== MATERIAL PROVIDED

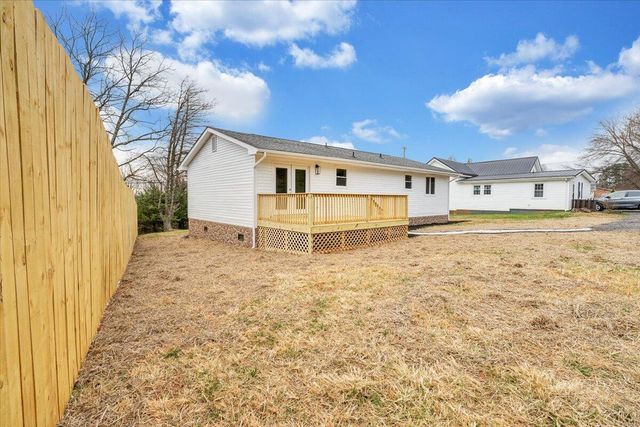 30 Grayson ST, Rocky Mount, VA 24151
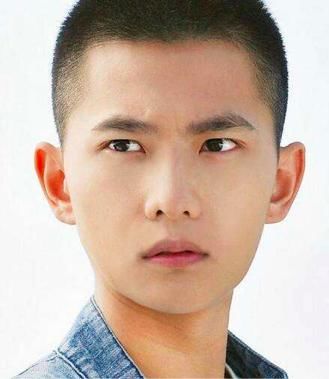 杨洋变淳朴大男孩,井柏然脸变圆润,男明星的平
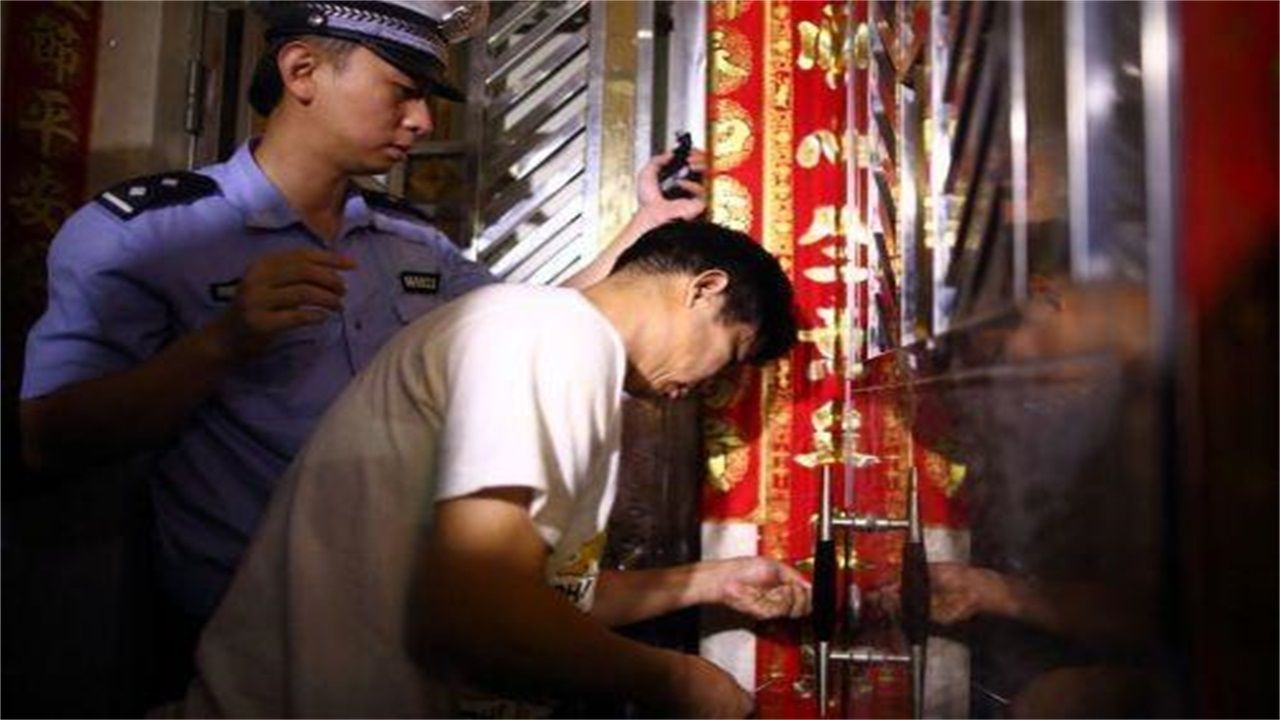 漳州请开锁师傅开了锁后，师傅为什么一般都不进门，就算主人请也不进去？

====

— PROBLEM —
Before you finish, make sure every line above has been repeated exactly and no picture remains in the copy.

— EXERCISE RESPONSE —
 30 Grayson ST, Rocky Mount, VA 24151
 杨洋变淳朴大男孩,井柏然脸变圆润,男明星的平
 漳州请开锁师傅开了锁后，师傅为什么一般都不进门，就算主人请也不进去？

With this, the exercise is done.